El panel de El runrún del espectáculo recapitula la declaración de Moria Casán en la mesa de Mirta Legrand donde niega tener enojo con Susana Giménez. Reiteran la placa roja mostrando a Moria respondiendo que no tiene nada en contra de Susana, que sus comentarios son humor sarcástico y que se ayudaron mutuamente en sus carreras. Moria destaca que Susana nunca le dio motivos para odiarla y que son buenas compañeras.
Los panelistas profundizan en anécdotas picantes como el chupetín que Susana le dio a Moria en una revista, la presencia de Eduardo Celasco, exmarido de Mecha y hijo de Jorgelina Aranda, a quien Susana odiaba por celos relacionados con un hombre en común. Jorgelina Aranda era secretaria de Roberto Galán y compañera de Estelita, y Celasco fue echado de la producción del programa de Susana por vago y por salir de fiesta con Huberto.

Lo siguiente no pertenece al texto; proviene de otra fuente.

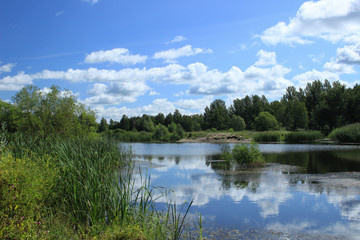 Fototapeta na wymiar Summer landscape - pond in the park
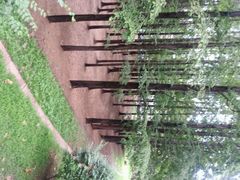 android_upload_pic-八大关景区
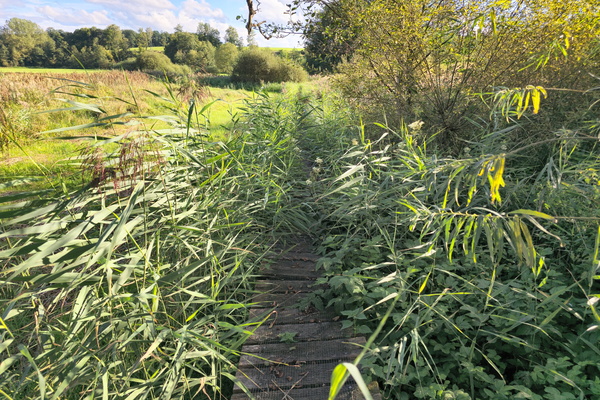 The hidden path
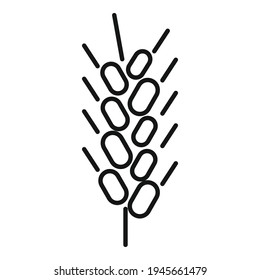 Wheat plant icon. Outline wheat plant vector icon for web design isolated on white background
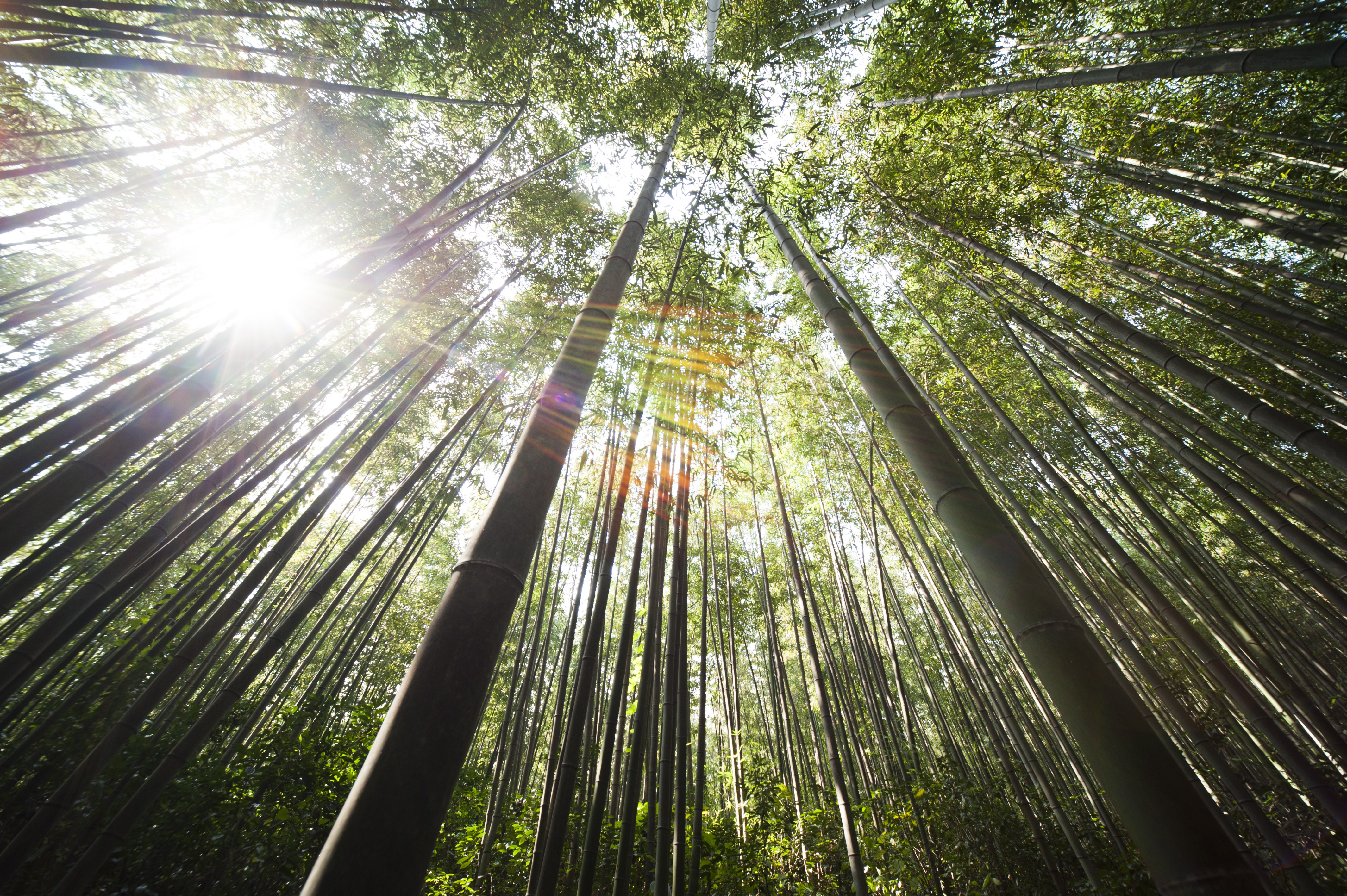 無料モバイル壁紙木, 森, 地球, 竹, サンビーム, こずえをダウンロードします。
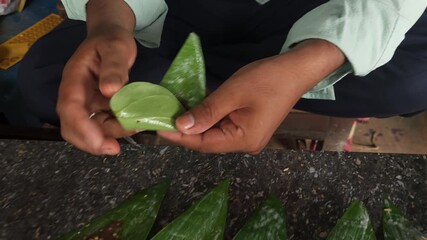 Preparation paan combining betel leaf with betel nut or areca nut. A traditional Indian delicacy, betel leaf with a variety of sweet and savory ingredients before folding it into a chewable bite. 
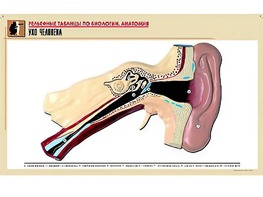 Рельефная таблица "Ухо человека" (формат А1, матовое ламинирование) - fgospostavki.ru - Красный Сулин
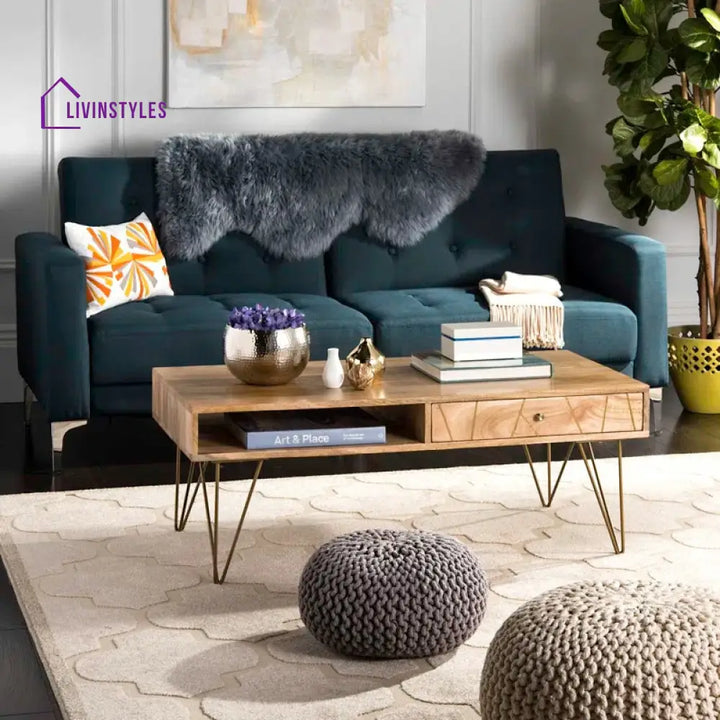 Diya Solid Wood and Metal Coffee Table for Living Room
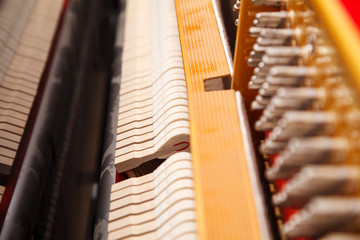 new piano with open strings indoor closeup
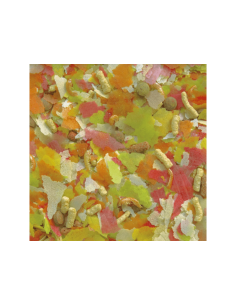 MOLY SUPER-MENU ESTANQUE 600 gr 2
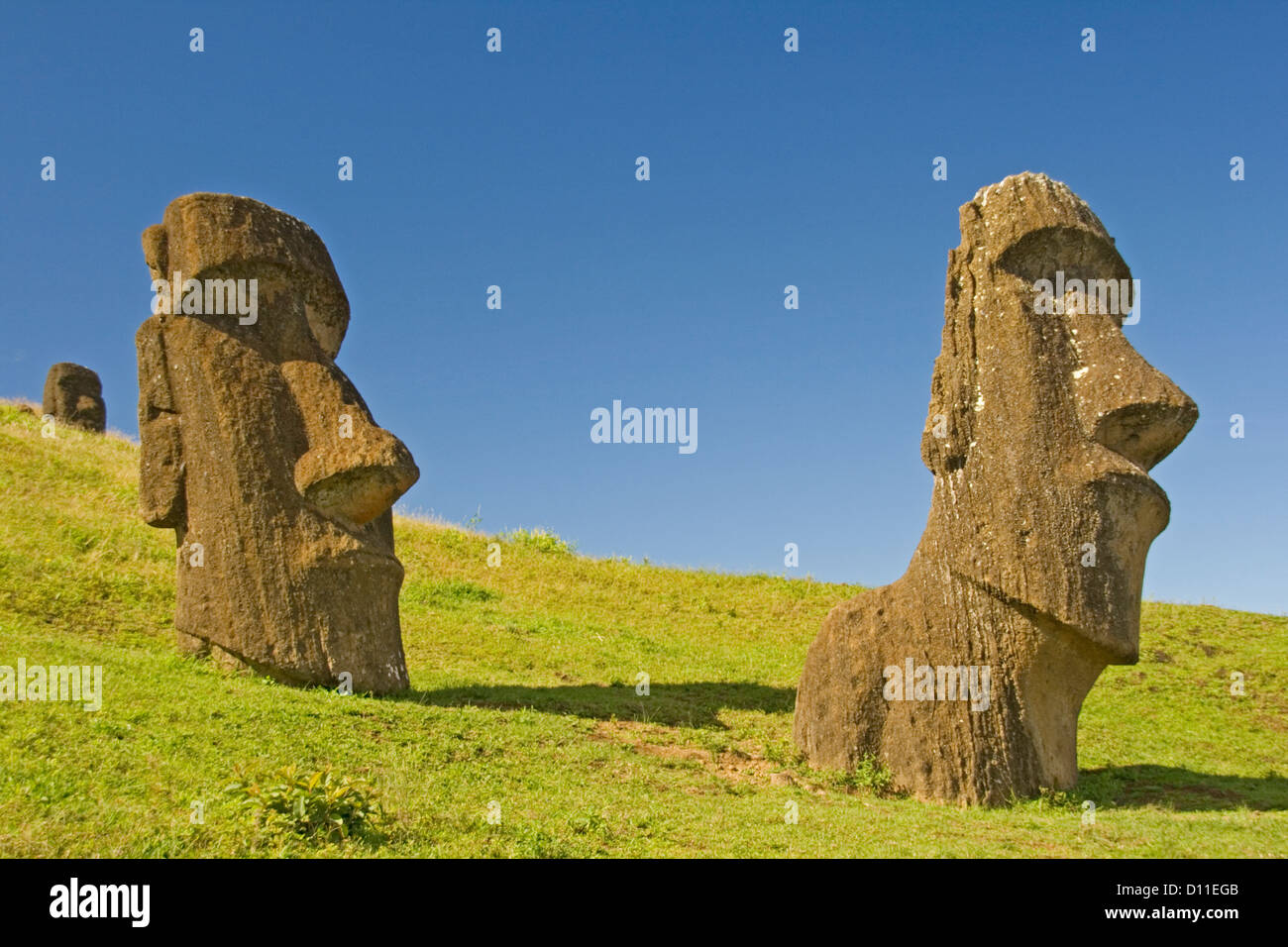 Isola di Pasqua le statue - moai - sui pendii erbosi di Ranu Raraku, la cava dove essi sono stati scolpiti. Foto Stock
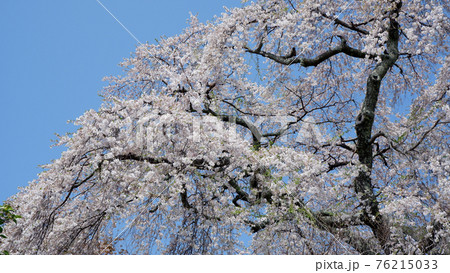 薬樹院の枝垂れ桜 76215033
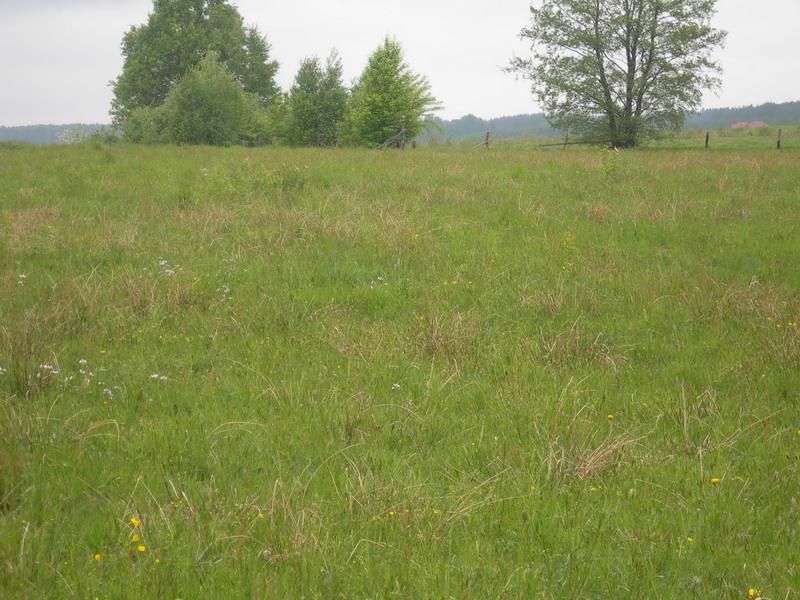 Działka rolno-budowlana Ruszajny, ul. Mikołaja Reja. Zdjęcie 3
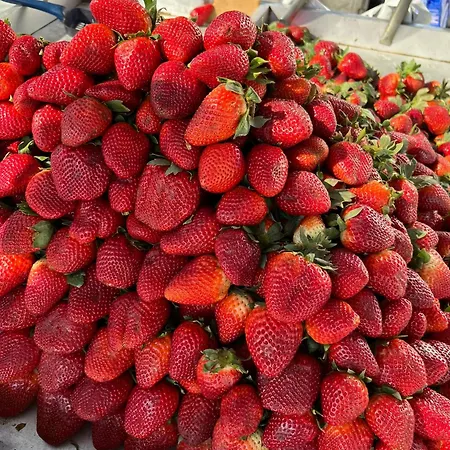 Apartman Apartmento Carla Punta Prima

El debate se anima con elogios a Moria como una mujer ocurrente, irónica y de buen corazón, mientras critican al doctor por llamarla "decorado" y sonar petitero o compadrito. Envían besos a Nanín Timolco y Adriana Aguirre, comparándolos con el panel actual por cotorrear tanto, todo en medio de menciones al buen rating del programa.
La charla concluye con un anuncio de información de último momento relacionada con la casa de Gran Hermano, pero el foco permanece en las rivalidades y lealtades entre las divas de la TV.